TJ-RJ afasta súmula do "mero aborrecimento" - A teoria do Desvio Produtivo do Consumidor
Em recente decisão, a 20ª Câmara Cível do Tribunal de Justiça do Rio de Janeiro afastou a Súmula nº 75 da corte e condenou o Banco do Brasil a pagar indenização por danos morais de R$ 4 mil a uma mulher que teve seu cartão de crédito recusado em uma loja.

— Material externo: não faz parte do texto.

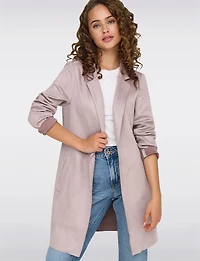 Long Gilet-Manteau en Suède Vegan Ultra-Doux avec Poignets Ajustables par Only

A Súmula nº 75 do TJRJ é conhecida como a súmula do mero aborrecimento:
"O SIMPLES DESCUMPRIMENTO DE DEVER LEGAL OU CONTRATUAL, POR CARACTERIZAR MERO ABORRECIMENTO, EM PRINCÍPIO, NÃO CONFIGURA DANO MORAL, SALVO SE DA INFRAÇÃO ADVÉM CIRCUNSTÂNCIA QUE ATENTA CONTRA A DIGNIDADE DA PARTE."
Isto porque talvez seja a súmula mais utilizada do tribunal e serve como base para afastar pedidos compensatórios por danos morais, fundamentando-se na "teoria" do mero aborrecimento, em que os danos morais precisariam ser efetivamente comprovados por meio de situações excepcionais que possam se afigurar, para o julgador, capazes de infligir a vítima abalo psíquico suficiente apto a atentar contra sua dignidade. Ou seja, a súmula restringiu - e muito - as hipóteses em que se tornam cabíveis pleitear a compensação por danos morais.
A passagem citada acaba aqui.